Halpern focuses on deep-brain stimulation, whereby devices deliver electrical pulses to targeted brain regions in which they’ve been implanted. Tens of thousands of DBS devices are in current use for treating symptoms of Parkinson’s disease and essential tremor, and DBS is in clinical trials for depression, obsessive-compulsive disorder, and multiple other disorders of the brain.

But DBS devices in use today are inflexible; they just keep firing away nonstop on a preprogrammed basis. In the new study, the scientists fitted the mice with new-generation DBS devices that can fire or not fire, depending on feedback they get from sensors in  the brain region they target — in this case, the nucleus accumbens. They identified a particular pattern of electrical activity that arose there just as mice were about to plunge into a pile of high-fat food to which they’d become quite fond, to the point of pigging out on it. But whenever the implanted device detected this pre-gluttony signal, it zapped the nucleus accumbens with an electrical pulse equivalent to a standard DBS pulse. That snuffed a mouse’s high-fat food bingeing — but not its intake of normal food, social behavior or other physical activity.

The study’s findings offer the promise, Halpern told me, of an implantable device that monitors the nucleus accumbens for the telltale signal preceding a burst of impulsivity and immediately delivers a measured dose of electricity. This intervention may prevent impulsive and sometimes life-threatening actions by high-risk people for whom all noninvasive therapies have failed.

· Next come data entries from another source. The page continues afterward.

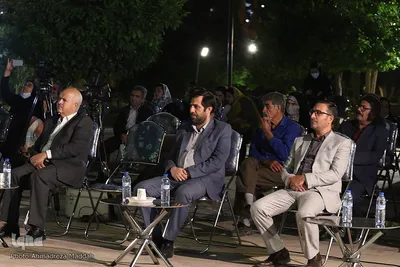آیین گشایش یادروز سعدی تحت عنوان محفل گلستان قرآن‎‎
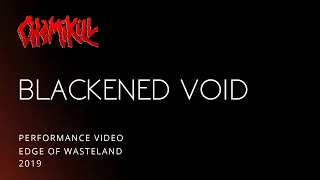 Chemikill -  Blackened Void - [Official Music Video 2019]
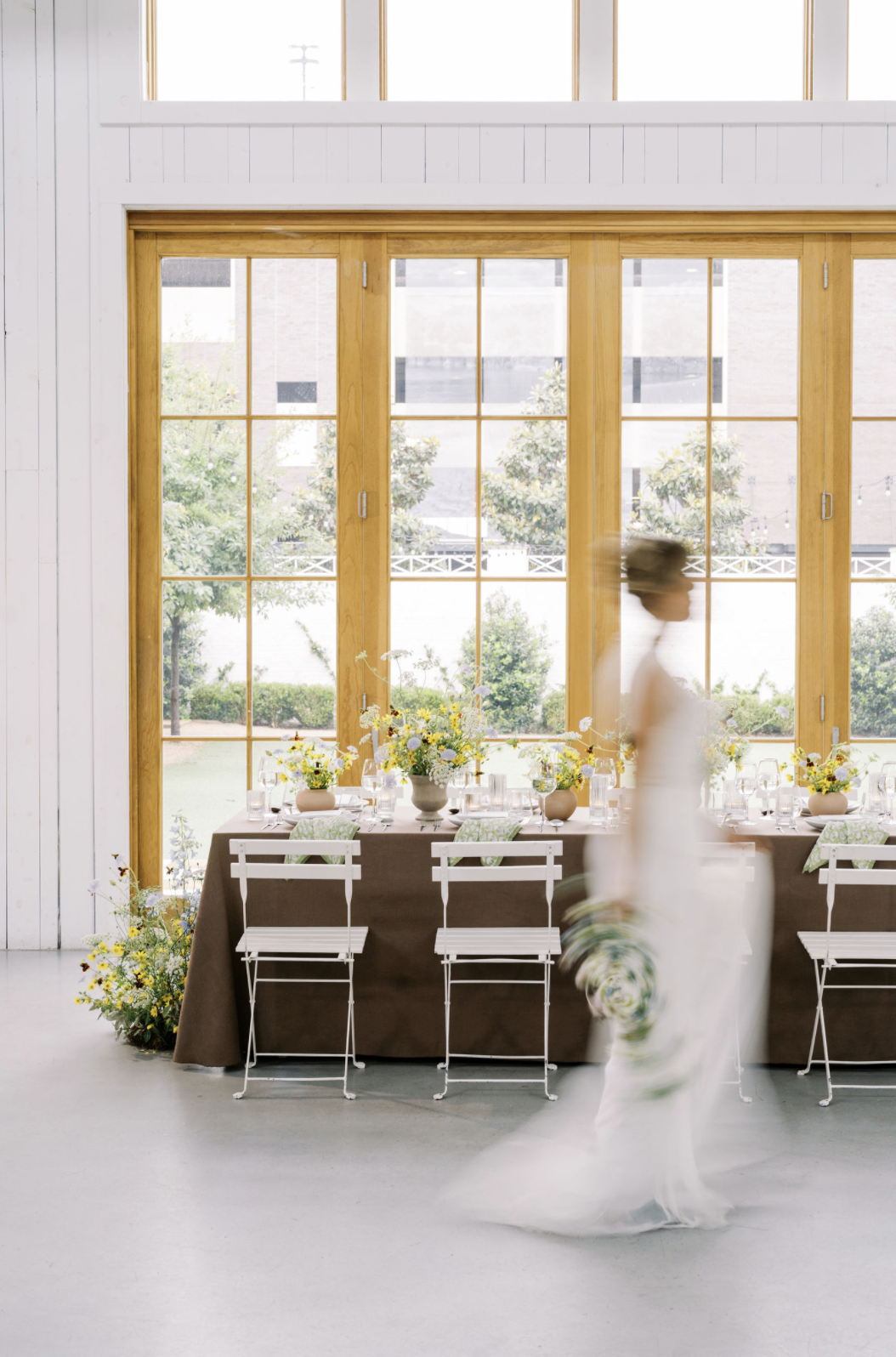 Hill Country Wedding Inspiration: A Texas Wildflower Styled Shoot at The Wish Well House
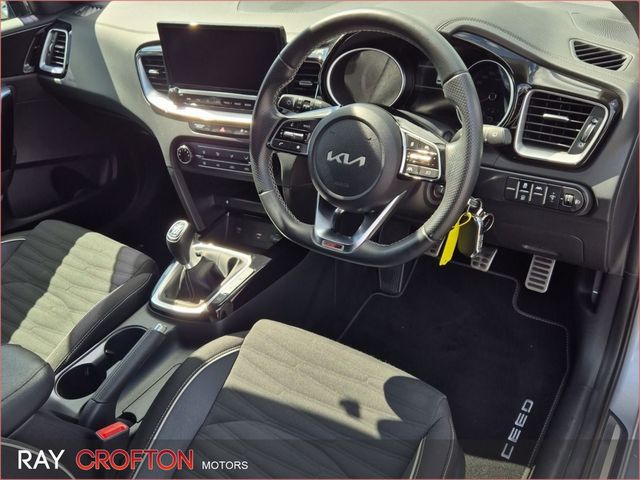 Image for 2023 Kia Ceed 1.6 MHEV GT Line PE Diesel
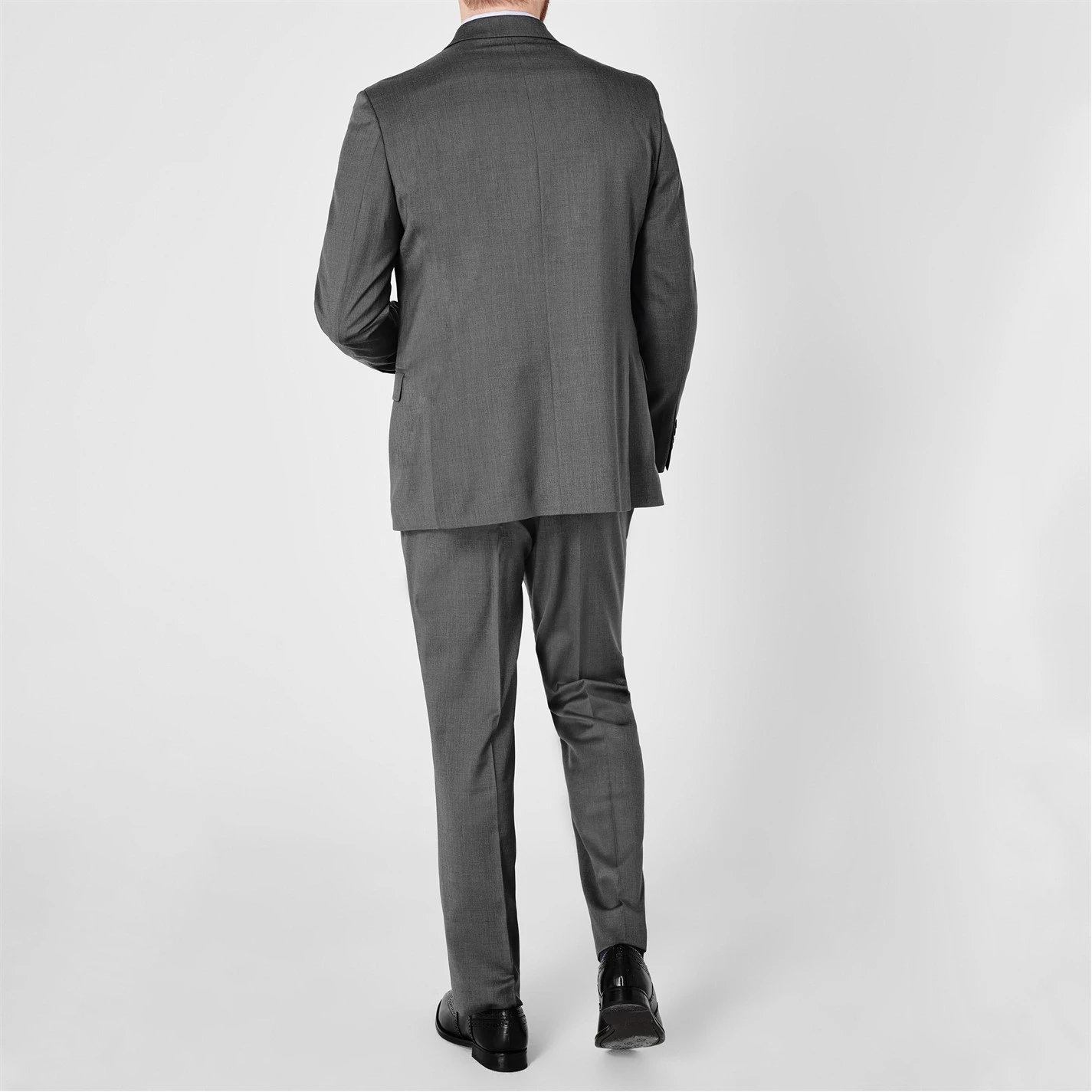 Ted Baker Irvine Suit Jacket for Complete Suits Colour Grey 5 Ted Baker Irvine Suit Jacket for Complete Suits Colour Grey - Image 3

Halpern is hoping to find out whether this kind of feedback could be helpful for obese patients who’ve been unable to curb their dietary intake even after bariatric surgery. The findings could also lead to less noninvasive methods of countering  substance-abuse disorders, pathological gambling, sexual addiction or intermittent explosive disorder, a psychiatric condition marked by impromptu outbursts of inappropriate ferocity.